What does it mean to "know" your data?

You’ve probably heard already that as a data scientists you really need to know the data you’re working with. And for good reason. It is one of the most important roles of a data scientist to have the capability to understand a piece of data before starting to work with it.

It is pretty vague when you just say “know” your data. What does it mean to know your data? What does it entail exactly?

Let me break it down for you and give you some of the things that comes to my mind when I tell someone they need to know their data. I'll group these in 4 categories: Overall data knowledge, understanding of features, awareness of potential problems, and data format.

Overall data knowledge

This is the big picture. Looking at data as a whole will give us a better insight on what might go wrong and what to look out for when doing data exploration and cleaning. Not all will apply to all projects but some examples of things you should consider are:

How was the data collected?
When was the data collected?
How can you reach the data?
Is there more of this data where it came from?
What kind of problems might have occurred due to the collection or storage process? For example:

1. An automated script was collecting the data and on certain days it was down so there might be gaps in the data.

2. There was a character limit on the text field that held news text content and that’s why some data points are not completely collected.)

Understanding the features

On this level, you get more granular and consider each feature separately. Looking at the features closely will give you valuable insights into the problem you’re working on. Many important decisions about the design of the solution are made on this level.

What does each feature mean?
What is the expected minimum/maximum values for each feature?
What is the distribution of each feature?
What unit are the features in (meters/inches/pounds/kilos)?
What is the timezone of the timestamp?
How do we expect each feature to affect the prediction?
How do features correlate with each other, is it what we expect it to be? If not, why?

Problems

There can be problems with the overall dataset or in features. It is crucial for the success of any project to be aware of them, address them and make sure they are contained.

Is the dataset balanced?
Is the data biased towards any group?
Is the data representative of the real-life situation you’re trying to model?
How many (%) missing values are there and what is the best way to address them, why?
How many (%) outliers are there and what is the best way to address them, why?
Is there anything in any of the features that do not make sense? For example, weather forecast data where the temperature value is over 100C in some occasions. Obviously, this is an incorrectly collected data point.

Data Format

Format of the data is the overall shape the data comes in. It is common to change the frequency or granularity of the data. The main questions to address here are:

What is the format of the dataset? (e.g. every row is a data point per person per day)
What should be the format of the dataset? (e.g. you need it to be per family per week)
When changing the format of the dataset how should I aggregate each feature? For example: if you’re turning daily data points into weekly ones, you can take the average of numerical values but how should you aggregate the categorical ones?
How do these aggregates affect the problem, do you need extra features? For example: after you take the average of numerical values, would you also need to include the standard deviation of that feature to not lose valuable information?
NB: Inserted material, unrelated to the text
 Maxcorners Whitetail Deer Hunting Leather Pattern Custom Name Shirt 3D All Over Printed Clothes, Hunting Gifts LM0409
Not all of these points will be applicable to all projects and for some, there might be other things you need to consider. But I think this list is a good starting point.
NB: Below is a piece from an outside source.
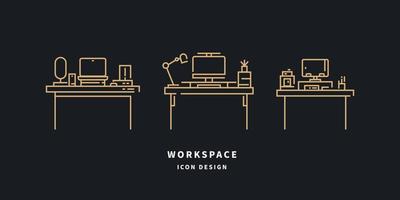 icone dell'area di lavoro. set di contorno scrivania. illustrazione vettoriale. vettore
Data science is not an exact science and does not have rules to follow. It is very important to keep an open mind for possible pitfalls, problems and patterns when exploring and getting to know your data. And that is one of the charms of data science: the unique problems you face with every new dataset.

So next time you start a project, don’t just quickly clean your data and jump to modelling. Make sure that you can answer most of these questions. Go as granular as you can and understand how each feature works alone and how they work together. You'll see that it makes a big difference.